I don't know why @krux02 brought up the number type; this issue is about the integer type.

I'm against changing json twice -- once to accomodate one extra bit, and again when we have a proper solution that meets the spec. If you can provide the API that won't necessitate an additional change later, then I'd support this change.

I'm curious why you think that we'll have bigint overhead for all integers.
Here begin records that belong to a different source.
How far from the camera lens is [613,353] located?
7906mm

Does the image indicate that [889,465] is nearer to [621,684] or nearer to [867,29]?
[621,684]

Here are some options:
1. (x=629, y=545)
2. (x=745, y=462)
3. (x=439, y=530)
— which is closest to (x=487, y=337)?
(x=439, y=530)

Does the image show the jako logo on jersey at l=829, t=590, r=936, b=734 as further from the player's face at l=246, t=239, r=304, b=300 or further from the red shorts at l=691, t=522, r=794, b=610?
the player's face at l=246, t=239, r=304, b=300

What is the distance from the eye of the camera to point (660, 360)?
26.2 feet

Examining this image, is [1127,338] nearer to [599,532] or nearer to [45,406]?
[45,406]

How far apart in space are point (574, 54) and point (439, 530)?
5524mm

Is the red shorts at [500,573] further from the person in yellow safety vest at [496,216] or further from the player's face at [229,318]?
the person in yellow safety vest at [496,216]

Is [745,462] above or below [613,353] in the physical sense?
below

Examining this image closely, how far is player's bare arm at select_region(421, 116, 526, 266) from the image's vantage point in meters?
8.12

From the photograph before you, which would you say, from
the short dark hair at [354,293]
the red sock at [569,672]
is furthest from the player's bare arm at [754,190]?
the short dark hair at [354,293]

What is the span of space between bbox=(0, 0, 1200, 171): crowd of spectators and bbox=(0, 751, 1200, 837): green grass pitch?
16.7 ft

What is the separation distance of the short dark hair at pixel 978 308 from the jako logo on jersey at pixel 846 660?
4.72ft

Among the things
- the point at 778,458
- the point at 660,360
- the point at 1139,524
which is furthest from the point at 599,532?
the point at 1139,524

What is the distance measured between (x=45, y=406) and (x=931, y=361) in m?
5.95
It seems to me that we'll know how many digits the integer has, so most smaller integers should be quite easy to accomodate natively without any bigint machinery.
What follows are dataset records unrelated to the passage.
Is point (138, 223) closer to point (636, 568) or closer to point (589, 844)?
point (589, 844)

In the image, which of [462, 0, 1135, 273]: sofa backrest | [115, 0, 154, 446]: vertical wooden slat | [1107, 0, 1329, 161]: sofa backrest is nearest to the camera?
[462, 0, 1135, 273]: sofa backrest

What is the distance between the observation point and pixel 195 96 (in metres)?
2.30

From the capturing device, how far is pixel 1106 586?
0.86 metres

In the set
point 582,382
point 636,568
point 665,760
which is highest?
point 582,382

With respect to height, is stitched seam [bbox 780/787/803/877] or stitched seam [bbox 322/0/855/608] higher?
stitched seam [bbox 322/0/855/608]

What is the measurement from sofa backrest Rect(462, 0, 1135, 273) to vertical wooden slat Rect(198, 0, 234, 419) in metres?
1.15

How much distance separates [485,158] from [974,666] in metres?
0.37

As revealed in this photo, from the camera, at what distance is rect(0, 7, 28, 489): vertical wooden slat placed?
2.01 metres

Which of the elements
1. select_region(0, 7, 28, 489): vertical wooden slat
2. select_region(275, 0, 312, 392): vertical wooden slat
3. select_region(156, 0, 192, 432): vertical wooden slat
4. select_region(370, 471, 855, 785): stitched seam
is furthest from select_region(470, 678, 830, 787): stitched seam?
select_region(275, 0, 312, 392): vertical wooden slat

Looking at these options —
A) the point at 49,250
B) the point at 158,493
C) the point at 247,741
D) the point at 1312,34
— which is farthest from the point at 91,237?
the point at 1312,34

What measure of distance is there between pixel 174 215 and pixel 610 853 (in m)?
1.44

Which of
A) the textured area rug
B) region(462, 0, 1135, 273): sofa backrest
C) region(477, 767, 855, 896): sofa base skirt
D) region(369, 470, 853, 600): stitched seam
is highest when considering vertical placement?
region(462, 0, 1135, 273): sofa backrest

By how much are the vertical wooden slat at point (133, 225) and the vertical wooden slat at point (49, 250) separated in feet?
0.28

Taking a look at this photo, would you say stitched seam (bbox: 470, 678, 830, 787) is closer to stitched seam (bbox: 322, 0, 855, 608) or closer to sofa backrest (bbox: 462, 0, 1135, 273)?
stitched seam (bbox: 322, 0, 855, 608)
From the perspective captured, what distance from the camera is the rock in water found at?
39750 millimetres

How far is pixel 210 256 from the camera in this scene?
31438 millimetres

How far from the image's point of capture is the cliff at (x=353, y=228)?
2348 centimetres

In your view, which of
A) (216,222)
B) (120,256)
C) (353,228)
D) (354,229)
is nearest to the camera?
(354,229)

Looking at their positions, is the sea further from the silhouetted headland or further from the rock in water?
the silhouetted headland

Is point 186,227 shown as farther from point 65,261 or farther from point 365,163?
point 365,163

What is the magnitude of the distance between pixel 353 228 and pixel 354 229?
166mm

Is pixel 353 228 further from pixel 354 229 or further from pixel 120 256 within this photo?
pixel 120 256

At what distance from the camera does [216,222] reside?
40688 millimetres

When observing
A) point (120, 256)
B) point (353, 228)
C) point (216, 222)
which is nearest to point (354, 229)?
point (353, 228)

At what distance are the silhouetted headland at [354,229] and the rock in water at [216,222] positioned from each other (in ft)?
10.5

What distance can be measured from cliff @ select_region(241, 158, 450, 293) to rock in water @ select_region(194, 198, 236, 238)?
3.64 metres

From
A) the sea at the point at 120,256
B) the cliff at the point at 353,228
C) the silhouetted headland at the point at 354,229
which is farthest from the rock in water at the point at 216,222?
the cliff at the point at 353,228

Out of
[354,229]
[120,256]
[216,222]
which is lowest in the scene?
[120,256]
uint64 in json are way more common than BigInt, for the simple reason that uint64 is a native type in most environments, so it makes sense to support it efficiently without incurring BigInt overhead, which can be large.
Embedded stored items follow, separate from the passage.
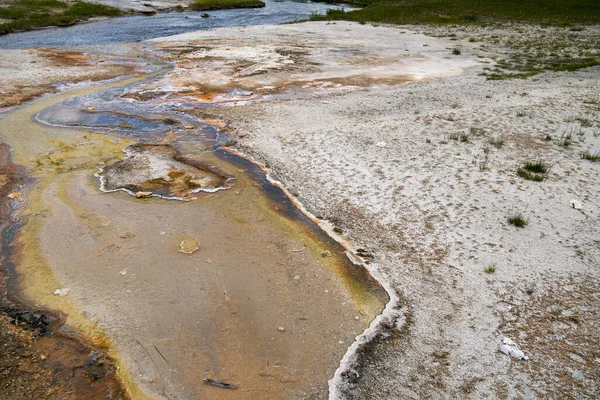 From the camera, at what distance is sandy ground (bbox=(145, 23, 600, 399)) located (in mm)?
4977

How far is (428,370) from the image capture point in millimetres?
4930

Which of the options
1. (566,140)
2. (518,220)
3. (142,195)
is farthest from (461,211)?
(142,195)

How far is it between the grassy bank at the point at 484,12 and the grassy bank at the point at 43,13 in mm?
19383

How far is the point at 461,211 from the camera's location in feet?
25.6

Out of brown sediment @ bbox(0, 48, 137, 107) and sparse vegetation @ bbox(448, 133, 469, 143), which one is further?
brown sediment @ bbox(0, 48, 137, 107)

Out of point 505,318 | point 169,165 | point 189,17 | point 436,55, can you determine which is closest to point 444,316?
point 505,318

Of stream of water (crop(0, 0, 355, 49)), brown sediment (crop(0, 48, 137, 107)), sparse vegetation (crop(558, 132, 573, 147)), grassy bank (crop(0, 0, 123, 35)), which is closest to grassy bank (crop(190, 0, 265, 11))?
stream of water (crop(0, 0, 355, 49))

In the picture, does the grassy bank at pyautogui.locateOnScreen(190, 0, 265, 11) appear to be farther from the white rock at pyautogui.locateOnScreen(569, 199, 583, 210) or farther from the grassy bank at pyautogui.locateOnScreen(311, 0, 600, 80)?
the white rock at pyautogui.locateOnScreen(569, 199, 583, 210)

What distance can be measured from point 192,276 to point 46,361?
210 cm

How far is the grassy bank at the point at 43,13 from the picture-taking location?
96.1ft

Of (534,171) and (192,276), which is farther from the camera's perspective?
(534,171)

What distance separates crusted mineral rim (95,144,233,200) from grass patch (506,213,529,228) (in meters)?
5.37

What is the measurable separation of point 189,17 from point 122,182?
32510mm

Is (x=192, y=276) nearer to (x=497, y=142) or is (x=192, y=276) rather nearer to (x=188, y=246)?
(x=188, y=246) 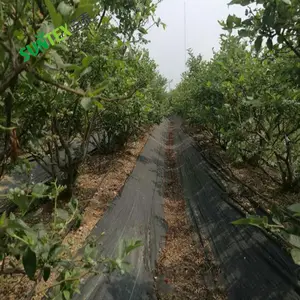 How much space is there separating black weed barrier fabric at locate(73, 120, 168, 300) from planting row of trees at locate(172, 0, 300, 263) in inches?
51.9

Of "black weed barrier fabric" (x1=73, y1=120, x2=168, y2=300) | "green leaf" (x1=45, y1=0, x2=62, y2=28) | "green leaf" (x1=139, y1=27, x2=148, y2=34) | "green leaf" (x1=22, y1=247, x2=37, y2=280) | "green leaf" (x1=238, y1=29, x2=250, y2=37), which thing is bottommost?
"black weed barrier fabric" (x1=73, y1=120, x2=168, y2=300)

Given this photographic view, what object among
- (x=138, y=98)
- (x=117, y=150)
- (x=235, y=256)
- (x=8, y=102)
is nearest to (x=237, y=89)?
(x=138, y=98)

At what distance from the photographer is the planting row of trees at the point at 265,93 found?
4.25ft

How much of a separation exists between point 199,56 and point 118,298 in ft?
51.0

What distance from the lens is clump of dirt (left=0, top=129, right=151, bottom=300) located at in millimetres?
2289

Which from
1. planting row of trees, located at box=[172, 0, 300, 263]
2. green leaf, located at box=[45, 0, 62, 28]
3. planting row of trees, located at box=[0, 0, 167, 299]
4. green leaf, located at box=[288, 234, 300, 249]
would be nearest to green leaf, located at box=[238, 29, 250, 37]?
planting row of trees, located at box=[172, 0, 300, 263]

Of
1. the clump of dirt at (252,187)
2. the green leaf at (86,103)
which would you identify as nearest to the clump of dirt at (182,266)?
the clump of dirt at (252,187)

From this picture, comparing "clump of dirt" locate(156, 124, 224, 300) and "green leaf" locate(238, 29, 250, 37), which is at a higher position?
"green leaf" locate(238, 29, 250, 37)

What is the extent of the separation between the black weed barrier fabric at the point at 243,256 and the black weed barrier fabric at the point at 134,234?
814mm

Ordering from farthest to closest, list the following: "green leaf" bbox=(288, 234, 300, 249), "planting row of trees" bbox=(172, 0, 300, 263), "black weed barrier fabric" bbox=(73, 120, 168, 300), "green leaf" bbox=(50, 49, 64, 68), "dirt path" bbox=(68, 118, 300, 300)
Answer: "dirt path" bbox=(68, 118, 300, 300), "black weed barrier fabric" bbox=(73, 120, 168, 300), "planting row of trees" bbox=(172, 0, 300, 263), "green leaf" bbox=(288, 234, 300, 249), "green leaf" bbox=(50, 49, 64, 68)

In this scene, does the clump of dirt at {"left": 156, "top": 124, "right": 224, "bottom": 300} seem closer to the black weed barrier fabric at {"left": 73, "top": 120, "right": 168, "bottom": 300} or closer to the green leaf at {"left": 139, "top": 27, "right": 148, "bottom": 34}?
the black weed barrier fabric at {"left": 73, "top": 120, "right": 168, "bottom": 300}

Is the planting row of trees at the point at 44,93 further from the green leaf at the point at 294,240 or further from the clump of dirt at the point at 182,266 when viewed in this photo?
the clump of dirt at the point at 182,266

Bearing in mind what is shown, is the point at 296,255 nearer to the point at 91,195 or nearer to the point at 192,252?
the point at 192,252

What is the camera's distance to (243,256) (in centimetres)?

I don't see anything wrong with adding JsonNodeKind.JUInt for the range int64.high+..uint64.high and then once std/bigints is added, adding JsonNodeKind.JBigInt for the range of integers > uint64.high and < -int64.low.

Note: other libraries I found that support (at least) uint64 in json do as I suggest (more research welcome; by no means complete):

I'm against changing json twice

I don't follow this. No code will break and the mapping from a Number in any given range to a JsonNodeKind would not change as JUInt and JBigInt are added. Plus, to match the spec you'd anyway need to add a JBigFloat kind, whether you have BigInt or not.

PR

=> https://github.com/nim-lang/Nim/pull/15545

uint64 in json are way more common than BigInt, for the simple reason that uint64 is a native type in most environments, so it makes sense to support it efficiently without incurring BigInt overhead, which can be large.

I'm with you so far. :+1:

I don't see anything wrong with adding JsonNodeKind.JUInt for the range int64.high+..uint64.high and then once std/bigints is added, adding JsonNodeKind.JBigInt for the range of integers > uint64.high and < -int64.low.

I know. But that doesn't mean there's nothing wrong with it, right? It just means you don't see it.

Once you start changing the semantics, you ruin the point of JSON. If you're using it in any kind of way beyond that which it is specified for, then basically you are doing it wrong. The whole idea is that we agree on what we know and don't know about the data.

I'm against changing json twice

I don't follow this. No code will break and the mapping from a Number in any given range to a JsonNodeKind would not change as JUInt and JBigInt are added. Plus, to match the spec you'd anyway need to add a JBigFloat kind, whether you have BigInt or not.

Not my problem. I didn't invent JSON nor did I write our implementation of it. I'm just trying to explain that you're going down the wrong path if you decide to attempt to ascribe more precision to types that are intentionally vague. This isn't adding abstraction, it's removing it.

Now, how are you not going to break my code when you add a new JsonNodeKind? I have exhaustive case statements for this enum.

Now, how are you not going to break my code when you add a new JsonNodeKind? I have exhaustive case statements for this enum.

If the new enum value only occur if you encounter values that were impossible to use before, then I don't think it would break your code. As timothee suggested, the uint type should only be used for integer values that cannot be represented with int64.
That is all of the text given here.